Letter to the Editor: McDaniel College should consider changing its motto

Zepp's quote can be found on the side of the water fountain in McTeer-Zepp Plaza (Ciara O'Brien / McDaniel Free Press)

As the next in the Finnerty Family (watch out Westminster) applies to McDaniel College this year, this author cannot be happier as he details the benefits for his sister and her friends.

Two years removed from Zoom graduation and not quite a year removed from a ‘prodigal son returns to waltz across the stage on the football field moment,’ the confidence and reverence for McDaniel College’s education rears in this author. In a newfound job on Representative Susan Wild’s reelection team, preparation provided by the Political Science Dept. keeps me going as the “real world” sets in.

Although distance and lack of a car prevents my sister’s tour from being family-guided, the college campus’ annual spring-blossom-beauty is sure to impress. The campus is nestled on the Hill and sits atop Westminster, like a treehouse for those lucky enough to be on the fourth floor of Whiteford hall facing the city. National Public Radio Philadelphia affiliate WHYY’s contributors, Katherine Gilmore Richardson and Lena Smith report, “Studies have shown that access to green space increases the quality of life for the surrounding communities and reduces the impacts of the Urban Heat Island effect.” This is one of McDaniel’s finest qualities; it contains ample green space and even owns a campus farm.

This green space has the potential to not only color students’ interaction with their environment, but it also benefits students at the psychological level.  A study done by Van den Berg et al finds “significant evidence for the close positive association” between green spaces and a decrease in ‘all-cause mortality’ and similarly an increase in mental health well-being (2015). Therefore, beyond the nascent benefit of Glar Chicken Tender Thursday, McDaniel benefits its students with access to a natural green space to breathe in that pristine country air.  

This functions doubly to take care of students’ innate desire to interact with the green grass of the bowl during the football game and provides a boost to one’s metaphorical mental health well. 

This is the point: McDaniel needs to change that outdated motto.The current version is “I call you out of the darkness into the light.” For a college, which proudly saw its students exit class for the Climate Strike not too long ago, the right motto is found in the words of the immortal presence of longtime professor Ira Zepp.

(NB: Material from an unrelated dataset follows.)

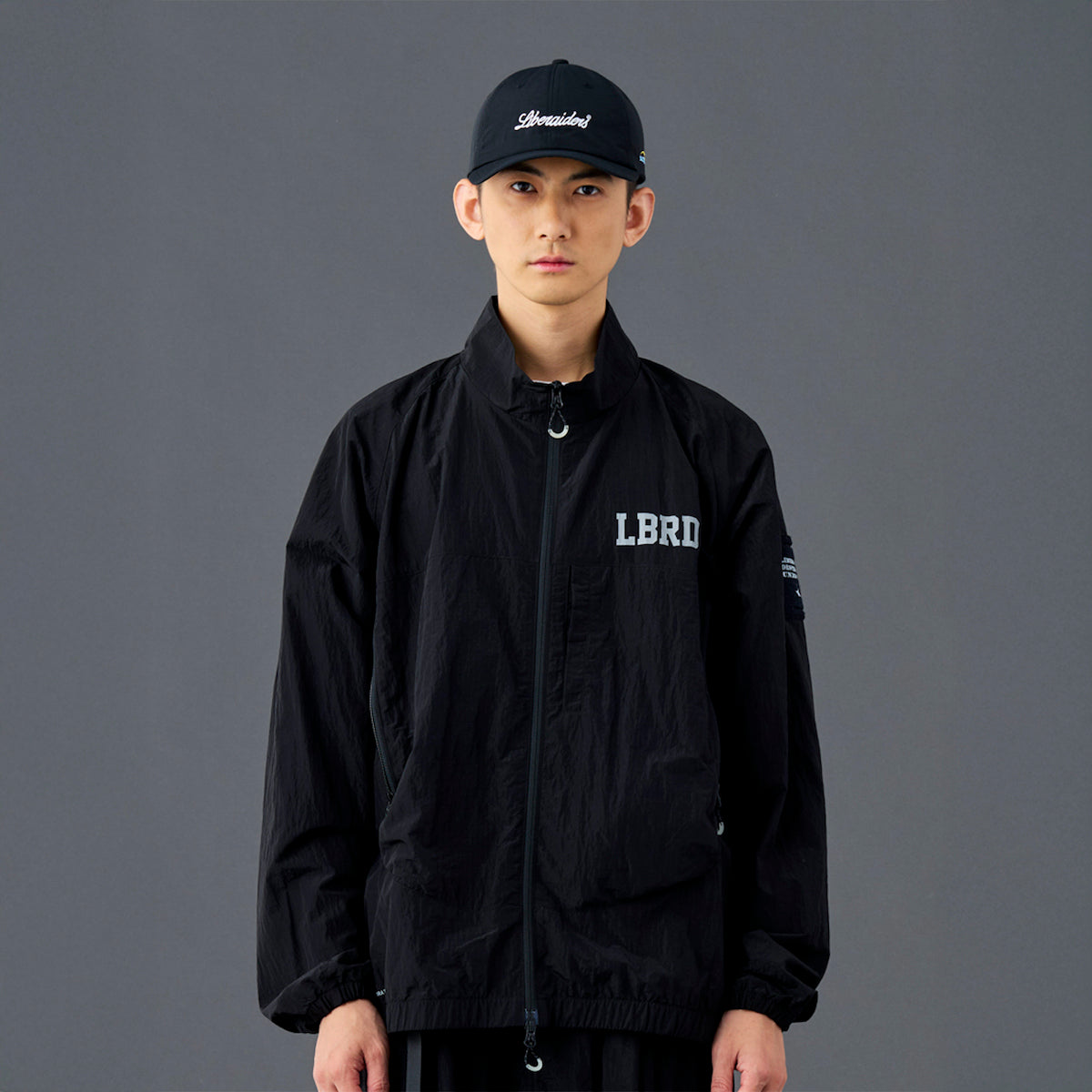 Liberaiders NYLON TRACK JACKET  リベレイダース ナイロントラックジャケット 730022601【メンズ ナイロンジャケット 撥水ジャケット 軽量アウター ジップアップジャケット 26SS】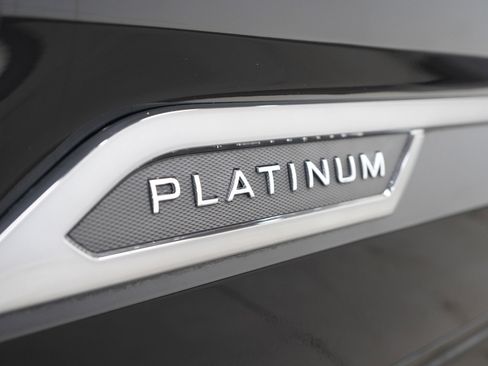 Used 2025 Toyota Sequoia Platinum image 29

Zepp says, “Know when to be Water and when to be Rock.” The words are perhaps the most prescient of any case, certainly more so than our current, forgettable motto. They invoke the elements, rock and water, and intersection between man and the natural world. 

This author dares students to ask each other, “What words could more appropriately express our worldly dilemma as students in a rotting ecosystem than those said by one of the college’s beloved professors?” 

For those wondering and wandering, visitors to the college can find those words scrawled on the McTeer-Zepp fountain in the center of campus.

Dare I say, a younger man than I once bathed in that fountain? Anyhow, this is my love letter to the college and the professors (Dr. Leahy, Dr. Mongiello, and Dr. Scullion, who answered my emails during COVID-19), who make it a great place to come of age.

I sincerely hope my sister finds this place as her destination.